One of the issues that is a bottleneck is actually streaming the data on foxglove. Therefore, you should try only streaming to a particular topic, such as /CAM_FRONT/image_rect_compressed
.
i keep getting
foxglove_1 | [foxglove_bridge-1] [WARN] [1687056080.781289199] [foxglove_bridge]: [WS] 192.168.224.1:49448: Send buffer limit reached
I think the fix is to just stream the data that we care about.
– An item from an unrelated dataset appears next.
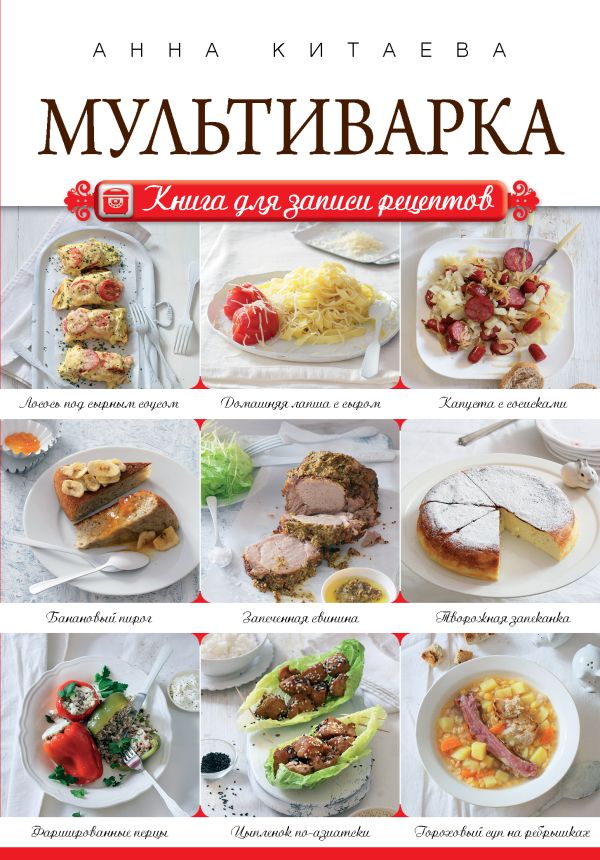 Мультиварка. Книга для записи рецептов Мультиварка. Книга для записи рецептов Китаева А.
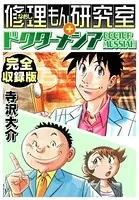 修理もん研究室＋ドクターメシア 完全収録版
So only the camera visualizations. ah yess that is a lot better
ros2 bag play ./nuscenes/NuScenes-v1.0-mini-scene-0061/NuScenes-v1.0-mini-scene-0061_0.mcap --topics /CAM_FRONT/image_rect_compressed
Umm, it still seems to slow down sometimes.
ros2 topic hz annotated_img
average rate: 3.031
min: 0.216s max: 0.442s std dev: 0.11012s window: 4
average rate: 3.714
min: 0.180s max: 0.442s std dev: 0.09734s window: 9
average rate: 3.865
min: 0.180s max: 0.442s std dev: 0.08269s window: 14
average rate: 3.736
min: 0.180s max: 0.526s std dev: 0.09795s window: 18
average rate: 3.745
min: 0.180s max: 0.526s std dev: 0.09597s window: 22
average rate: 3.792
min: 0.180s max: 0.526s std dev: 0.09096s window: 27
average rate: 3.762
How fast is the data being published at?
ros2 topic hz /CAM_FRONT/image_rect_compressed
average rate: 12.856
min: 0.002s max: 0.189s std dev: 0.04910s window: 13
average rate: 12.319
min: 0.002s max: 0.189s std dev: 0.03945s window: 26
average rate: 11.894
min: 0.002s max: 0.189s std dev: 0.03897s window: 37
average rate: 11.774
min: 0.002s max: 0.189s std dev: 0.03956s window: 50
average rate: 11.815
min: 0.002s max: 0.189s std dev: 0.03963s window: 62
Yea, so the inference is still really slow.